Já a ideia de inserir a bandeirinha brasileira na tira, que segue presente em muitos modelos, surgiu no meio do ufanismo da Copa do Mundo de 1998, quando a marca lançou uma versão em verde e amarelo. No fim dos anos 1990, a Havaianas fincava os pés — com tiras de borracha, evidentemente — no mundo da moda. Em 1999, o estilista francês Jean Paul Gaultier apostou nos modelos usando os brasileríssimos nos pés para atravessar a passarela durante um desfile. “A trajetória da Havaianas é um exemplo de construção de uma relação duradoura entre marca e consumidor. A capacidade de transformar um produto simples em símbolo de identidade cultural demonstra a força do branding em estabelecer conexões emocionais”, a fashion designer Cacau Claudia Martins, professora de moda da Universidade Anhembi Morumbi.
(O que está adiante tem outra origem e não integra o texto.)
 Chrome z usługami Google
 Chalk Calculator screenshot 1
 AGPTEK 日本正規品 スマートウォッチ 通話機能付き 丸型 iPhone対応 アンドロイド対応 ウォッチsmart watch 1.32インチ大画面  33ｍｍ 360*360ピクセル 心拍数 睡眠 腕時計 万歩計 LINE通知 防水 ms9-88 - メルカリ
Segundo ela, a marca, por se “adaptar às demandas de um mercado em constante mutação, mas sem perder de vista os valores fundadores”, foi capaz de construir uma narrativa que ressoa com diferentes públicos, consolidando a sua posição no mercado. “Vale destacar que estamos falando de uma marca totalmente nacional que fez um produto único, que não se influenciou por outros países e se manteve fiel ao conceito”, enfatiza Cláudia. O item acabou virando um ícone mundial de brasilidade — desde o fim dos anos 1990, passou a ser muito comum reconhecer um brasileiro fora do País pelos pés. “E esse é o espaço que a marca tem até hoje, entrando em um circuito mais pop da moda global, mas sempre como um elemento um tanto exótico. Dá uma quebra no visual justamente pelo inusitado”, conclui Bedendo, da ESPM.

… E das Olímpiadas

Mais uma vez na França, desta vez nos Jogos Olímpicos de Paris 2024, foi a vez da delegação brasileira, composta por mais de 200 atletas, vestir o símbolo de moda e brasilidade durante a cerimônia de abertura. Para as Paralimpíadas, que começam no dia 28 de agosto, a Havaianas vai apresentar uma nova sandália desenvolvida em cocriação com paratletas e com o Comitê Paralímpico Brasileiro (CPB). O calçado, projetado para atender ao maior número possível de pessoas (com ou sem deficiência), passará a integrar o portfólio permanente da marca no Brasil. Além disso, parte das vendas do produto será revertida para o CPB.

A parceria da empresa com a entidade começou em 2020, com o patrocínio em Tóquio. Agora, a marca, assim como nos Jogos Olímpicos, também estará em companhia dos paratletas fazendo parte do uniforme oficial da delegação brasileira, que vai estrear a nova sandália na cerimônia de abertura das Paralimpíadas em Paris.